Bug 504968

Summary: testing NMI watchdog ... <4>WARNING: CPU#0: NMI appears to be stuck (177->177)!
Product: Red Hat Enterprise Linux 5 Reporter: Qian Cai <qcai>
Component: kernelAssignee: Prarit Bhargava <prarit>
Status: CLOSED INSUFFICIENT_DATA QA Contact: Red Hat Kernel QE team <kernel-qe>
Severity: medium Docs Contact:
Priority: low    
Version: 5.3CC: dzickus, jfeeney, syeghiay, yugzhang
Target Milestone: rcKeywords: Reopened
Target Release: ---   
Hardware: x86_64   
OS: Linux   
Whiteboard:
Fixed In Version: Doc Type: Bug Fix
Doc Text:
Story Points: ---
Clone Of: Environment:
Last Closed: 2010-10-06 13:48:10 UTC Type: ---
Regression: --- Mount Type: ---
Documentation: --- CRM:
Verified Versions: Category: ---
oVirt Team: --- RHEL 7.3 requirements from Atomic Host:
Cloudforms Team: --- Target Upstream Version:
Embargoed:
Bug Depends On:    
Bug Blocks: 533192    
Attachments:
Description Flags
acpidump from system none

Description Qian Cai 2009-06-10 08:55:41 UTC
Description of problem:
Both -128.el5 and -152.el5 kernels seem have no functional NMI on dell380-2.rhts.bos.redhat.com

...
CPU1: Thermal monitoring enabled (TM1)
              Intel(R) Pentium(R) D CPU 3.20GHz stepping 04
SMP alternatives: switching to SMP code
Booting processor 2/4 APIC 0x1
Initializing CPU#2
Uhhuh.
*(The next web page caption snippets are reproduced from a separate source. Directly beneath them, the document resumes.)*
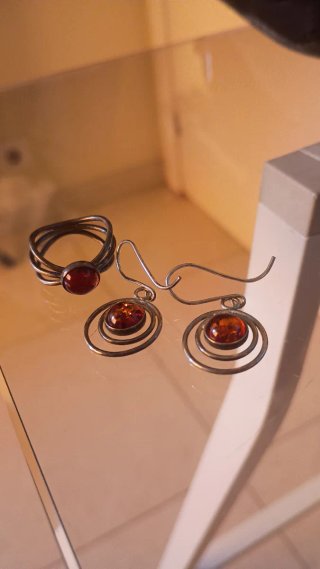 Pendientes Plata y Ámbar Naranja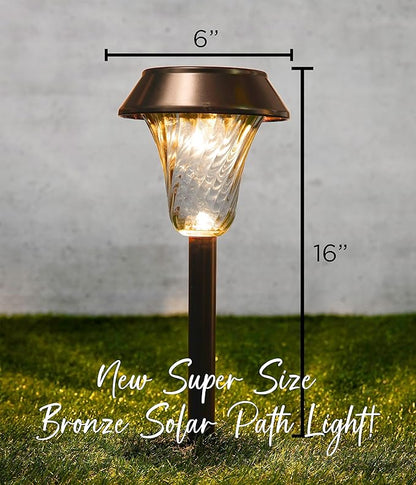 2 Pack Super Size 6" Diameter Bronze Solar Path Light with Large Solar Panel, Glass Lens, Metal Ground Stake, and Extra-Bright LED for Garden, Lawn, Patio, Walkway, Driveway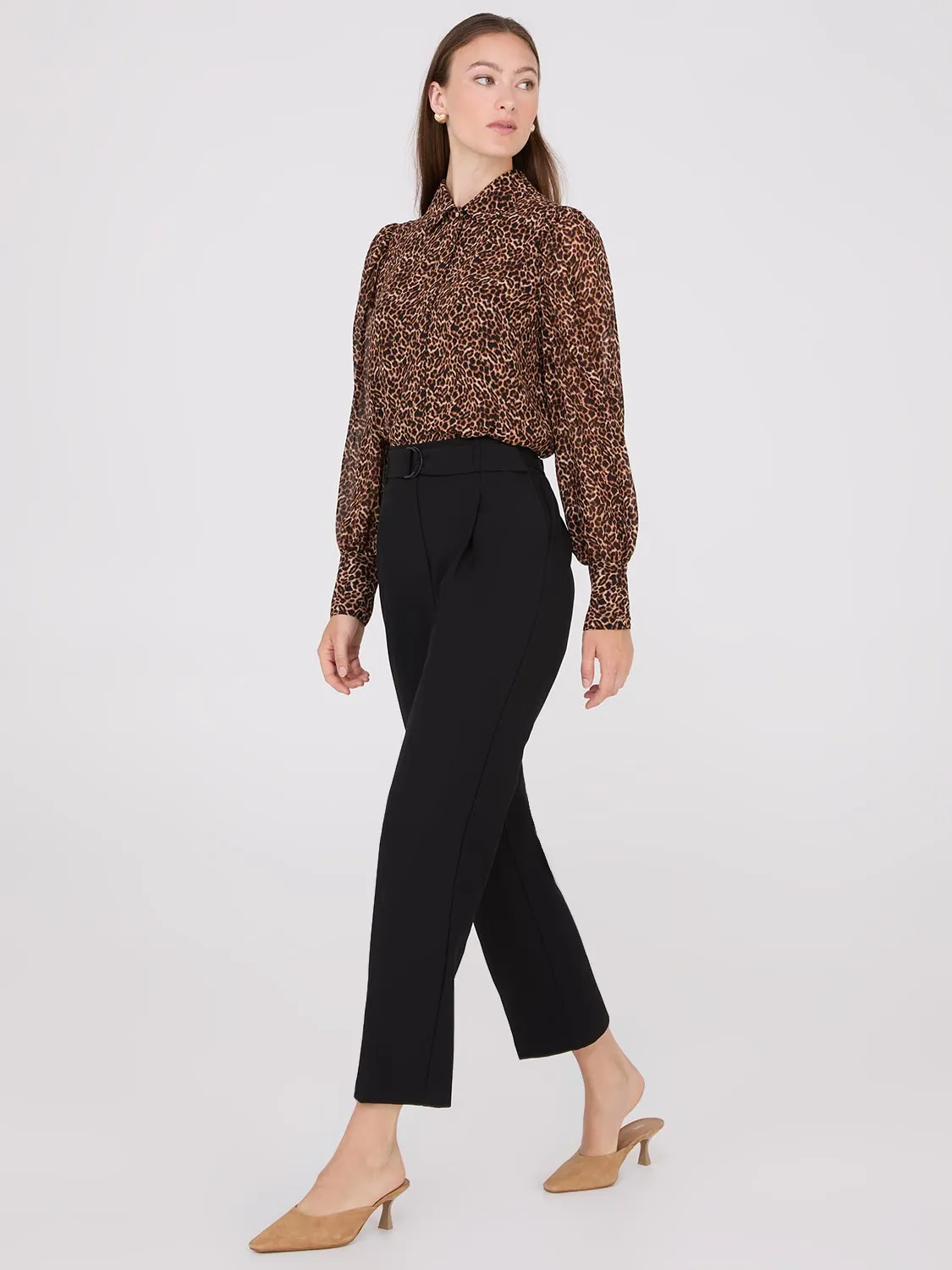 Animal Print Chiffon Volume Sleeve Blouse sold by Suzy Shier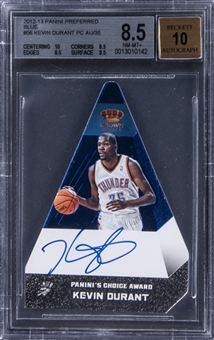 2012-13 Panini Preferred Blue #56 Kevin Durant Signed Card (#12/35) - BGS NM-MT+ 8.5/BGS 10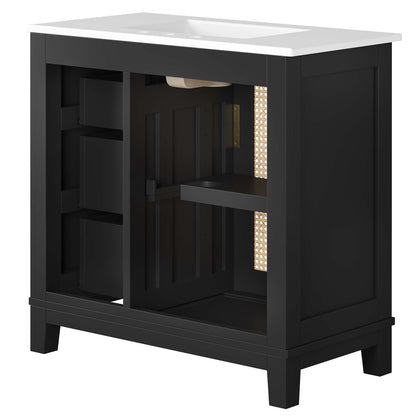 Modway, Dixie 36” Solid Wood Bathroom Vanity Cabinet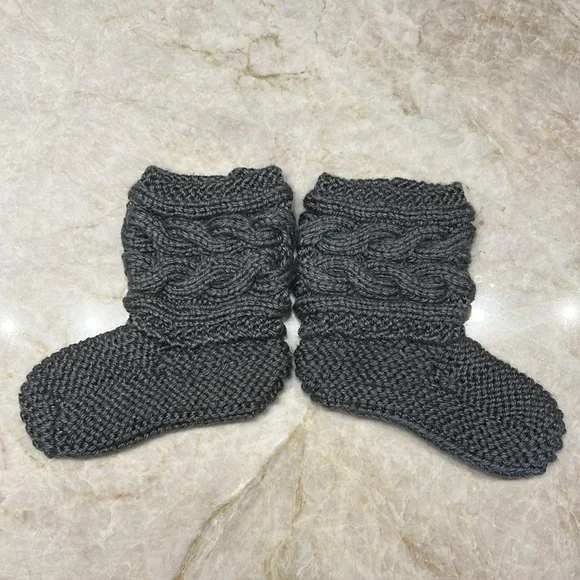 NEW, Handmade Gray Knit Buttoned Boot Socks - Picture 4 of 4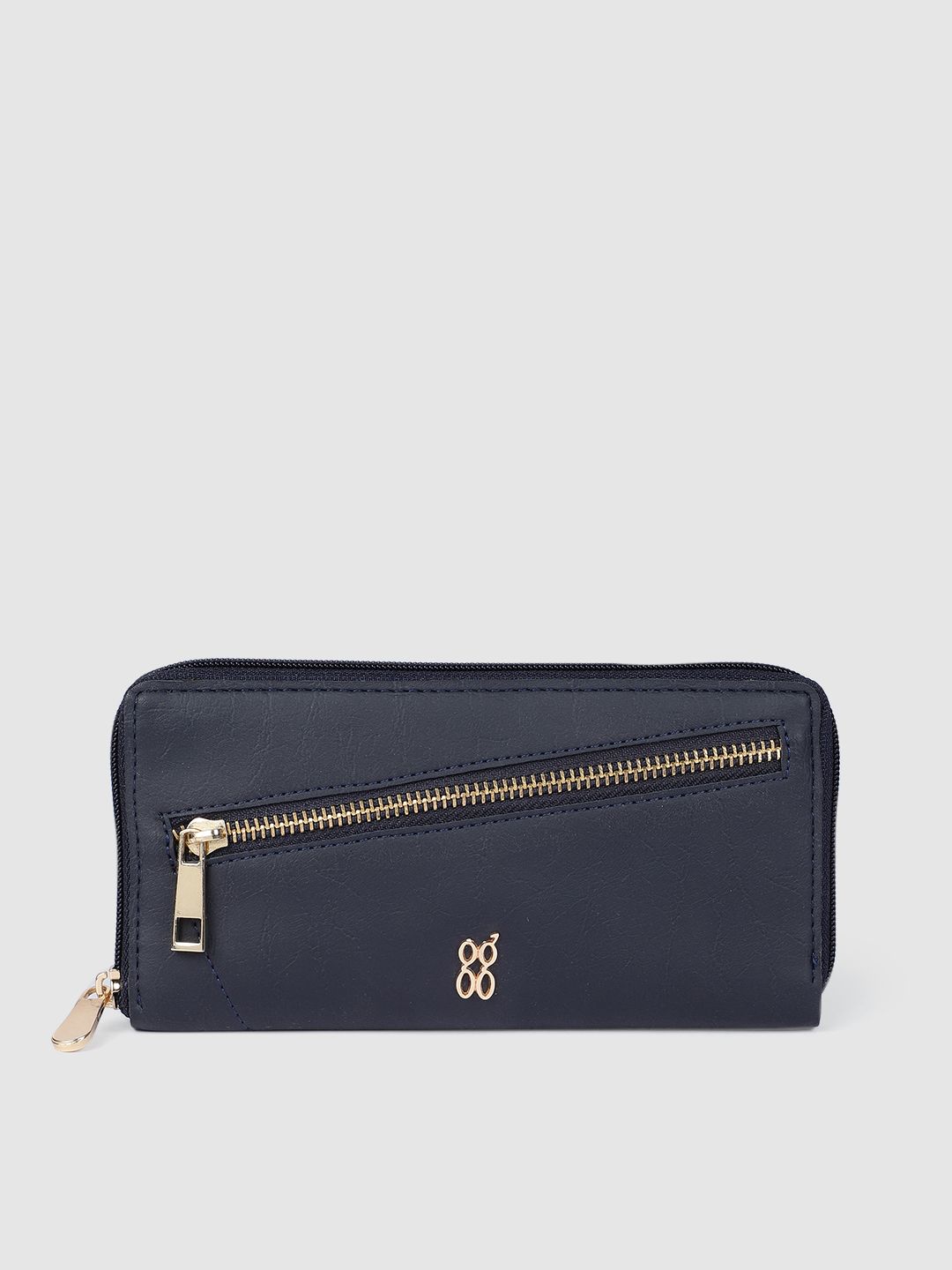 Baggit Women Navy Blue Solid Zip Around Wallet Price in India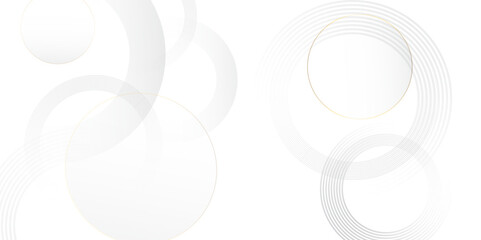 Luxury elegant white and grey background with circle. Modern abstract light silver background vector. Abstract circle layer white background with gold line effect for presentation, wallpaper design.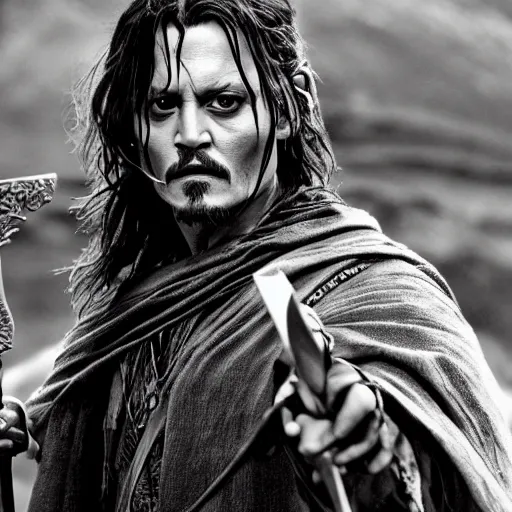 Image similar to symmetry!! photography of johnny depp starring in the lord of the rings as aragorn wielding a sword, detailed - face!!, full - body - picture, wide - angle!!, cinematic, intricate, elegant, highly detailed, film still, nikon, canon eos, zeiss lens, dramatic lighting, sharp - focus!!, photography!!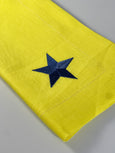 Yellow and Blue Linen Napkin with Embroidered Star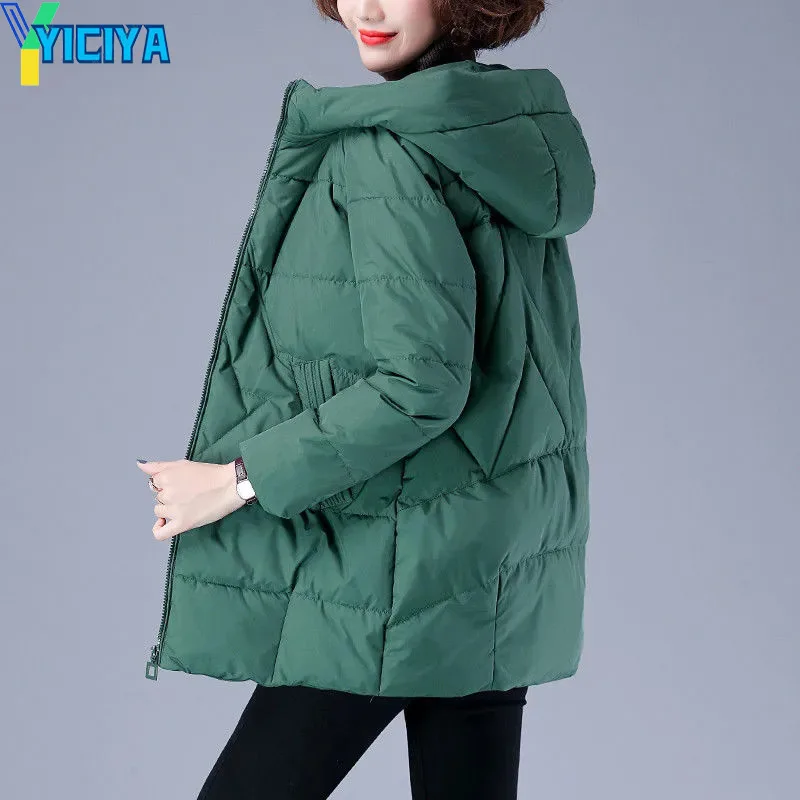 2022 New Women Winter Parkas Long Warm Jackets Female Thicken Coats Cotton Padded Solid Parka Jacket Streetwear Hooded Outwear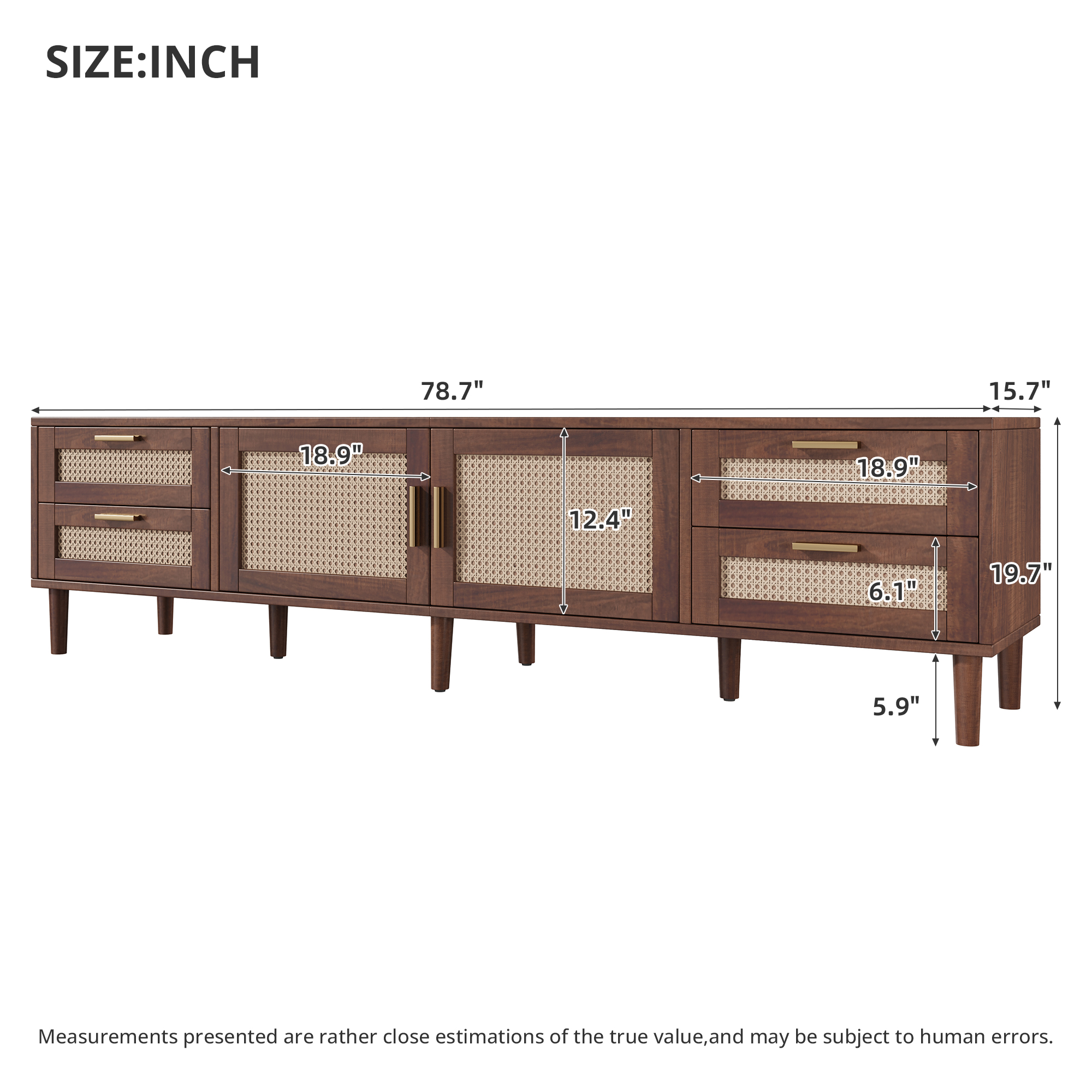 78 Inch TV Stand for TVs up to 85 inch, Media Console with 4 Drawers, Solid Wood Legs, Soft Closing Hinges, for Living Room, Modern Entertainment Center — foto 5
NMI received for unknown reason 20.
Do you have a strange power saving mode enabled?
Dazed and confused, but trying to continue
Calibrating delay using timer specific routine.. 6384.06 BogoMIPS (lpj=3192034)
CPU: Trace cache: 12K uops
CPU: Physical Processor ID: 0
CPU: Processor Core ID: 0
CPU2: Thermal monitoring enabled (TM1)
              Intel(R) Pentium(R) D CPU 3.20GHz stepping 04
SMP alternatives: switching to SMP code
Booting processor 3/4 APIC 0x3
Initializing CPU#3
Calibrating delay using timer specific routine.. 6384.06 BogoMIPS (lpj=3192031)
CPU: Trace cache: 12K uops, L1 D cache: 16K
CPU: L2 cache: 1024K
CPU: Physical Processor ID: 0
CPU: Processor Core ID: 1
CPU3: Thermal monitoring enabled (TM1)
              Intel(R) Pentium(R) D CPU 3.20GHz stepping 04
Brought up 4 CPUs
testing NMI watchdog ... <4>WARNING: CPU#0: NMI appears to be stuck (177->177)!
...

Version-Release number of selected component (if applicable):
kernel-2.6.18-152.el5
kernel-2.6.18-128.el5

How reproducible:
always

Steps to Reproduce:
1. boot the machine.

Actual results:
NMI appears to be stuck

Expected results:
NMI is working.

Additional info:
Full log of -152.el5 kernel boots,
http://rhts.redhat.com/cgi-bin/rhts/test_log.cgi?id=8480656

Comment 1 Prarit Bhargava 2009-06-10 13:37:52 UTC
Not a regression, pushing to 5.5.

P.

Comment 2 Prarit Bhargava 2009-06-15 19:06:06 UTC
Created attachment 347987 [details]
acpidump from system

Comment 3 Prarit Bhargava 2009-06-15 19:06:55 UTC
I did notice this bit of craziness in the boot log:

ACPI: LAPIC_NMI (acpi_id[0xff] high level lint[0x1])
acpi_table_parse_entries: here


acpi_id of 256?  That doesn't seem right.

P.

Comment 4 Matthew Garrett 2009-06-15 20:01:00 UTC
According to the spec:

"A value of 0xFF signifies that this applies to all processors
in the machine."

So this seems like a red herring.

Comment 8 Qian Cai 2009-06-16 21:17:21 UTC
Prarit, this is an x86_64 system, so I suppose it should autodetect the working NMI setting?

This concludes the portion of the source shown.